Would your future self be proud of present you?

I know that a lot of you will be pretty close to graduating, maybe you even have a graduate position lined up (yay full-time job!!!!) … regardless of where you are in your study or career journey, I think we can all agree that we’ve entered the stage of the year due for ‘reflection’.

If you use this time to take stock on your current career moves, I want you to ask yourself “Is what I’m working on right now helping me get to where I want to be?” “If someone asked me what I was doing right now, would I be proud?”

To put it bluntly: your career isn’t an instagram post, AKA it’s not something you can edit, tweak or delete. Which means everything you’re doing should a) make you feel proud to share if someone asks you b) make YOU feel proud, full stop.

If you forget what the ‘perfect’ career looks like, and instead focus on what your future self would benefit from – do you need to make any immediate changes or do your current goals align with your future dreams?

Here are some examples:

1 // Don’t shrug off your part-time job. 

As students, we have a tendency to shrug off ANY type of work that doesn’t involve us wearing office-type clothes. We don’t like talking about ‘working at a chocolate store’ for a year (#TrueStory), we skirt around our excellent ‘people skills’ because it would involve bringing up being a cashier at Kmart, the times that we volunteered for Parkrun ‘doesn’t count’ because it doesn’t directly relate to our business degree.

All of these examples are ridiculous, right!? We don’t jump suddenly from studying, to a full-time, 9-5 job without earning our way there … By. Working. Employers aren’t THAT crazy.

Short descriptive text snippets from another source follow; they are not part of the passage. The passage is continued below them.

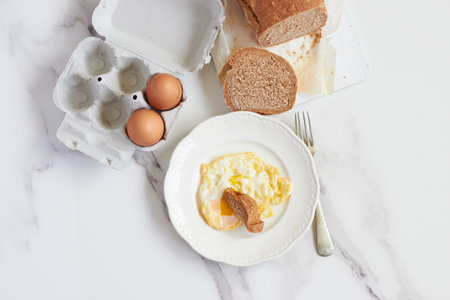 fried egg on a plate on a table with pieces of bread to dip in the yolk on a marble table with a fork beside it, slices of bread and two raw eggs in an egg cupの写真素材
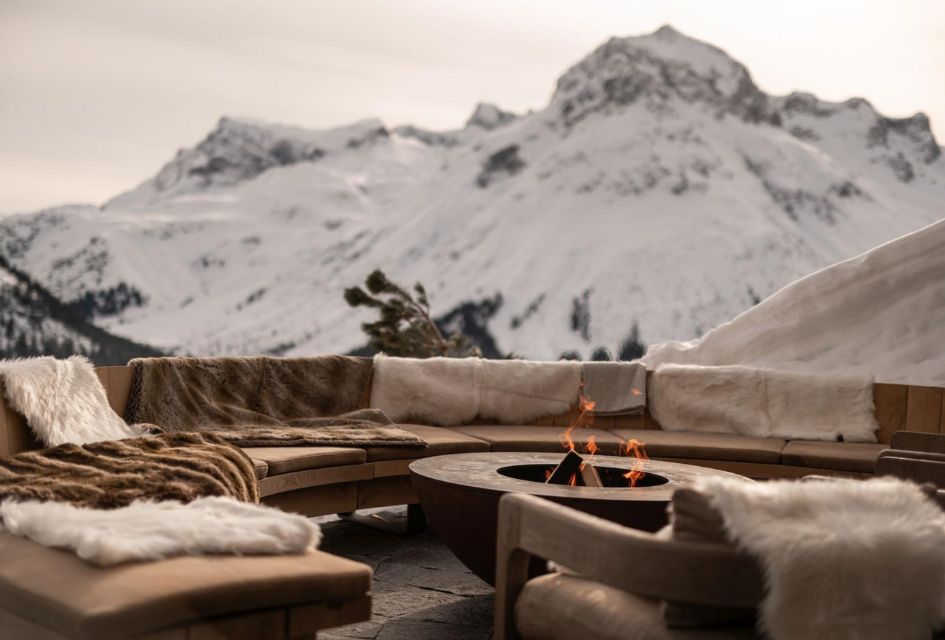 The firepit on the terrace of The Barn, a luxury ski chalet in Lech! With the snowy Arlberg backdrop, this chalet has to be on your luxury ski holiday checklist.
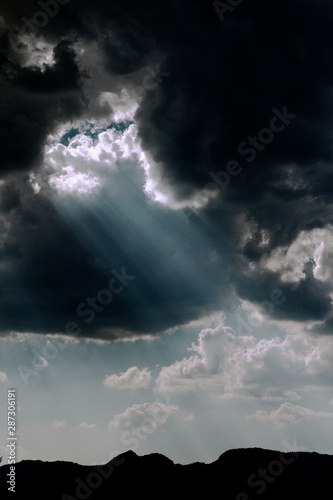 Rayos de luz atravesando el cielo negro, con montañas en el fondo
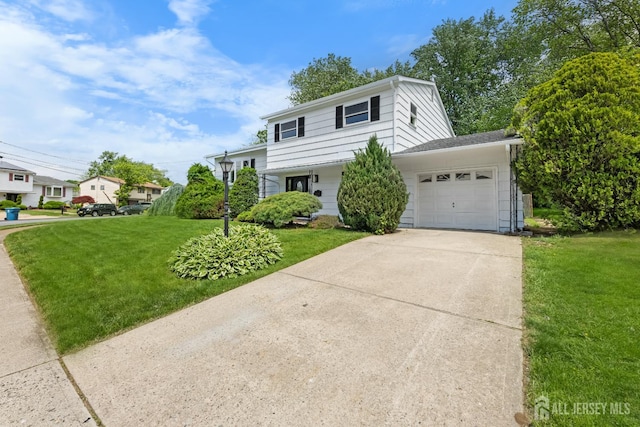 4 Arden Rd, Old Bridge, NJ 08857 - tri-level home featuring a front yard, concrete driveway, and an attached garage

They don’t expect you to flounce into an interview, as a recent graduate with 3+ years of experience from working directly in your field.

So why do we expect this of ourselves? Your part-time job directly relates to your career – because it proves you can commit to a job, and stick to it, that you can handle challenges and that you can contribute to a team environment … the very basics of a full-time job. On top of that – don’t discredit any experience you gain at your part-time job, at internships or in volunteer roles, we’ve talked about this countless amounts of times at generationYOU, see here, here and here.

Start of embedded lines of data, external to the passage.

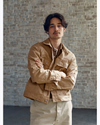 View of model wearing Broad Khaki Dockers® x Transnomadica Button-Down Shirt.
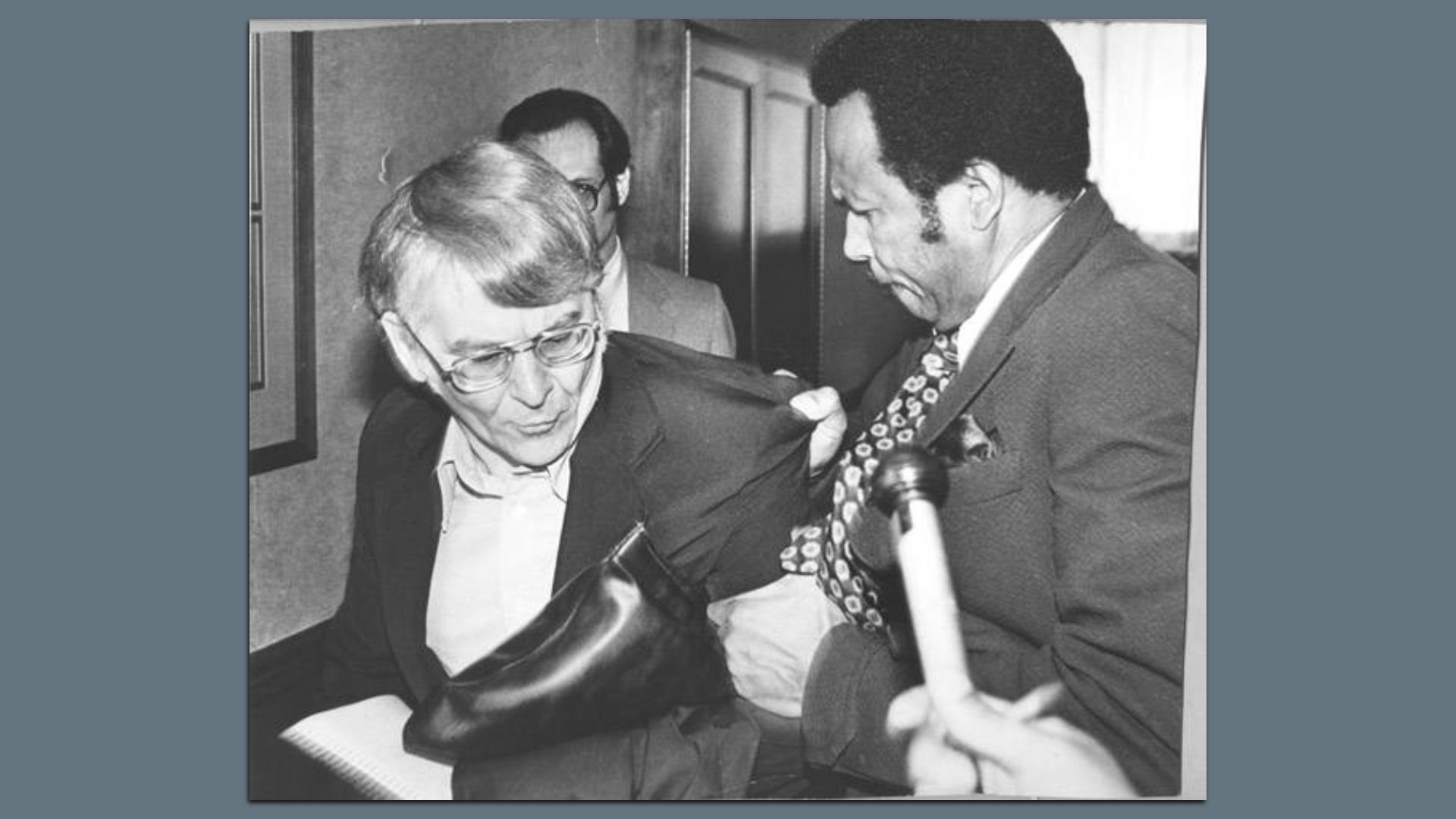 Black and white photo of a black man muscling a bespectacled white man out of a room.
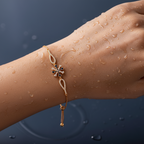 Rose gold adjustable chain bracelet with floral CZ motif and blue accents, worn on wrist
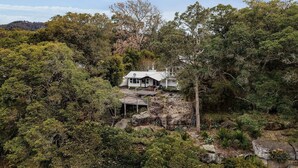 Uma casa rodeada por floresta densa, com uma escadaria de pedra que a conduz.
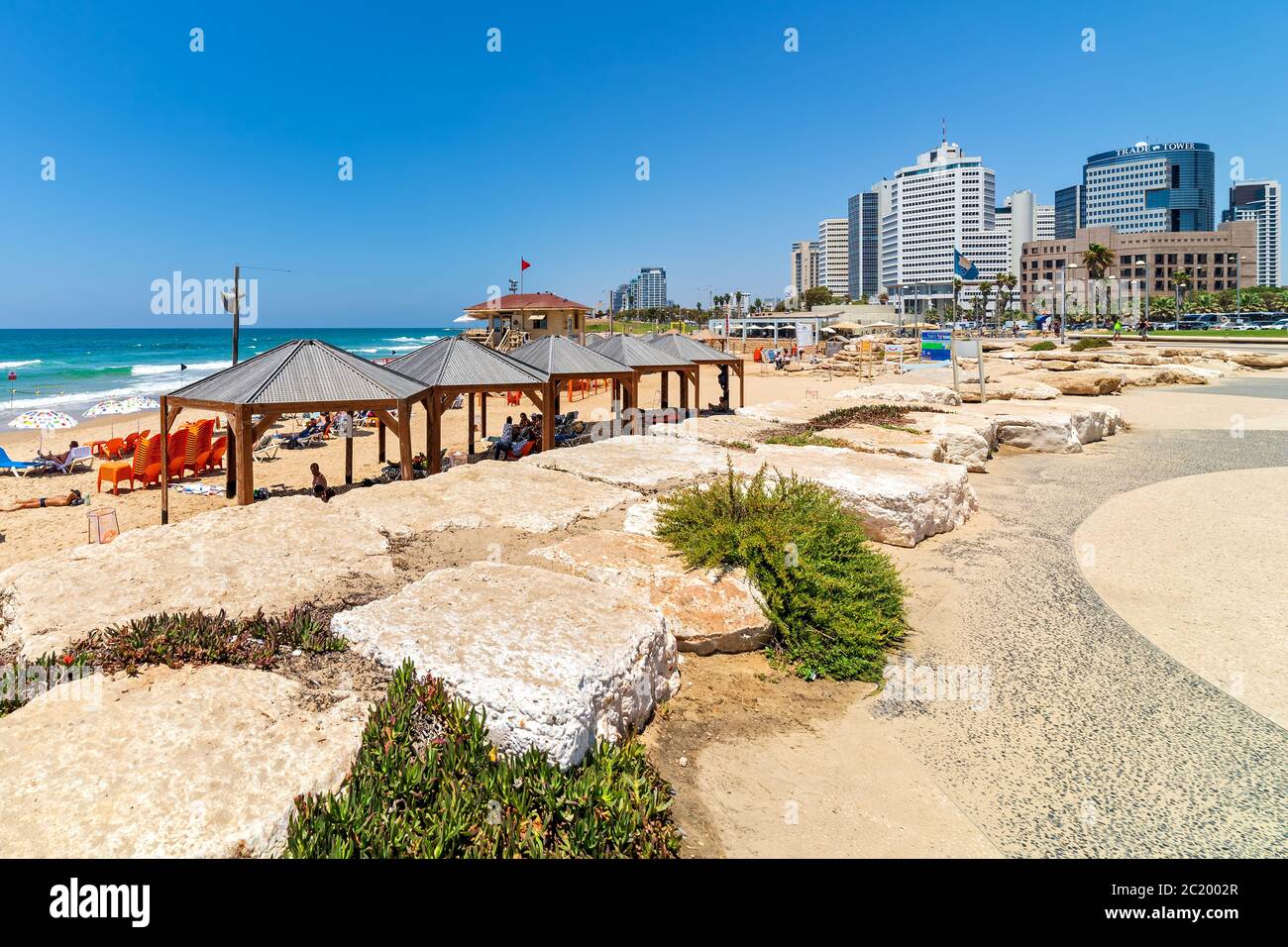 Blick auf die Promenade am öffentlichen Strand als moderne Geschäftsgebäude im Hintergrund unter blauem Himmel in Tel Aviv, Israel. Stockfoto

2 // Have you asked yourself what YOU actually want once you graduate? 

There’s a hell of a lot of pressure to graduate and land a position at the Big 4 (or any graduate program to be honest), an entry-level role or to do anything that shows your time at uni wasn’t a big ‘waste’.

That pressure can sometimes force you to overlook what you actually want to be doing once you complete your 15th (or 16th) year of education. *Whew* Those are big numbers, right?

If travelling is something you have marked as a priority, then it’s probably best if you don’t land yourself a position where it’s a faux pas to suddenly ask for 3 months off to ‘find yourself’.

It might work out in your favour to stay at your part-time job and have a decent chunk of $$$ behind you, before planning an epic trip overseas!

3 // You can still be insanely proud of your job, even if it’s with an ‘unknown’. 

Ahhhh the age old debate “will something better be coming around?”. The problem with that question is most of the time it leaves the person asking it, stranded by the wayside with little to no opportunities left.

As a graduate, opportunities are few and afar – I’m not kidding – regardless of what industry you’re in, it’s competitive, and come Dec/Jan, ALL workplaces will be inundated with applicant upon applicant.

There are a lot of companies (small and large), who may not have been on your radar, but who are doing awesome things in your industry. Likewise – there may be a lot of companies who are not yet established, and are looking for team players who want to be an integral part of their growth.

Push yourself to look for opportunities outside of your immediate industry circle. If you’re lucky enough to land an interview or an offer from either of the above companies – you might want to triple-check your hesitance!! Sometimes the best lucky breaks (and the type of career-building breaks) are the ones that are dressed up as unknowns.

4 // Pride can come from things outside of your job.

Sure, there are times when we get into something and then realise it was 100% not what we thought it would be. And that’s fine. What isn’t okay, is bailing out on something when it gets a little bit tough.

**Hard Truth Alert** Your job doesn’t have to be everything all the time – in fact if it’s paying your bills and you’re gaining experience, then it’s probably worthwhile sticking it out.

The extra little ‘side-hustles’ or hobbies that you had at uni, don’t have to be shut down and forgotten about once you enter the workforce. In fact, we would argue that to maintain your sanity – you keep doing at least one or two things (within your capacity), that helps to fuel your fire.

For example, if there is a particular not-for-profit organisation that you want to volunteer with/for – there’s nothing stopping you from approaching them. Discuss your availability, bearing in mind that you need to keep your performance at work a priority.